I cocked my head up with a furrowed brow. My pen screeched an abrupt end to its scribbling in an unintentional, crooked line. “She does nothing,” reverted in my conscience in a million echos. The slogan rang endlessly in my brain.
The uproar inside my mind was so agonizing I pulled up Wikipedia to learn what the people of the world did. How many were doctors and how many were engineers, how many janitors, how many rulers?
But she did nothing. Eh….ehh…sigh. Something did not add up.
57% of women are in labor force according to the US department of labor. What about the 43%?
What about those who take care of others and are unpaid? Do they do nothing? Of course, not.
Yet, why does one have to wear nice clothes, sit in a meeting, and bring home a paycheck to be somebody?

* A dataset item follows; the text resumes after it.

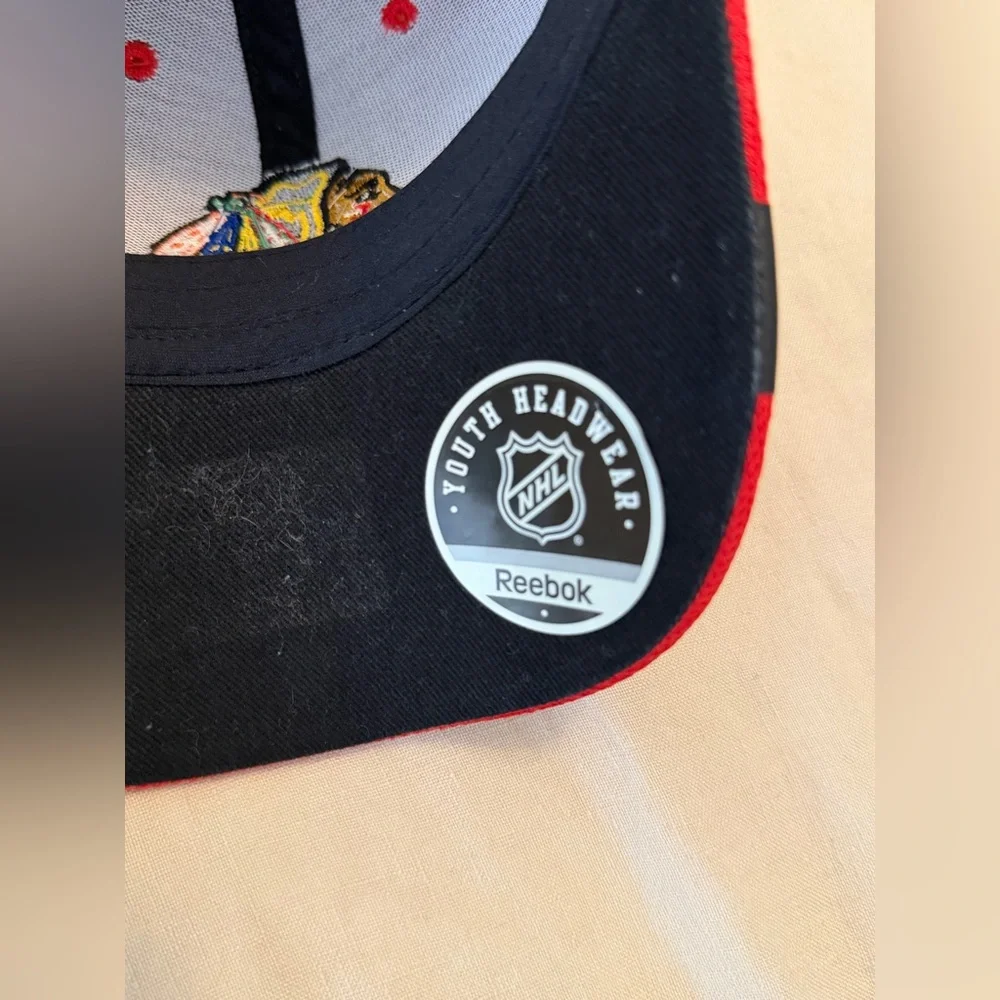 Reebok Chicago Blackhawks NHL Youth Hat Center Ice Collection Red Flex Fit Cap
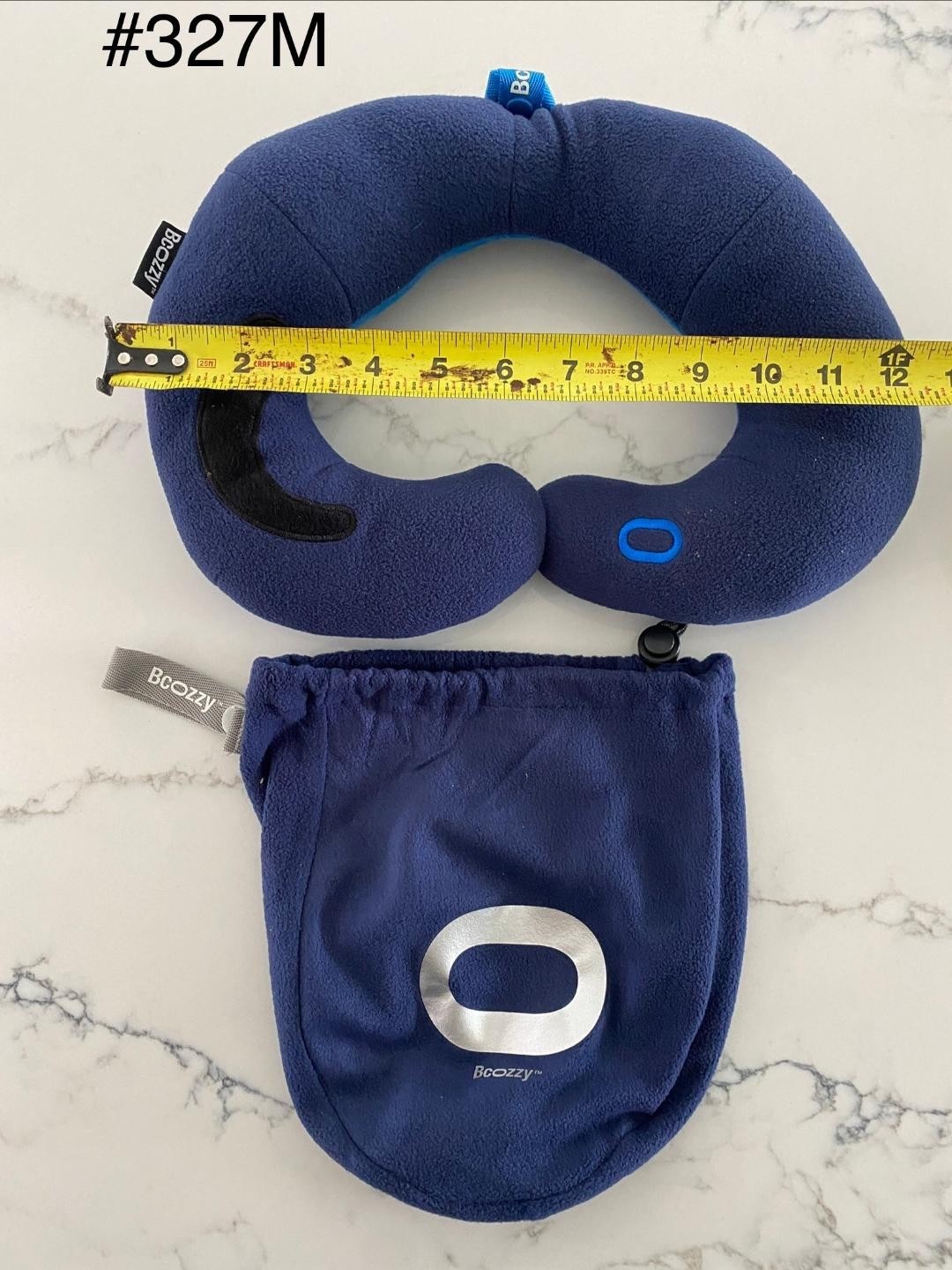 1 new Medium bcozzy neck pillow Travel Pillow 1 new Medium bcozzy neck pillow Travel Pillow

When this individual woman said she did nothing as though grooming little hearts, preparing them for life was not a worthy enough chore to be called something, it rang a painful chord in my heart.
I am a working mother. I pride the work I do. And it is true I am unable to stay at home being a full-time mother. To me, getting ready for work, parking beneath a building I call my workplace, and say, making presentations on PowerPoint is paramount to my identity as an individual.
What is a woman who stays at home to take care of her family and home? A house wife? When did being a wife to a person became a profession? And how did it amount to the statement, “I do nothing.”
But you do, my friend, you do. Even though I am unable to do your job full-time. You are a smile generator, a worry squeezer. You are a care giver, a self-less person who puts others before your own self. You don’t do nothing. You shape the future of the world by nurturing the future into decent human beings. What you do is priceless.
You do plenty. Never ever say, “I do nothing.”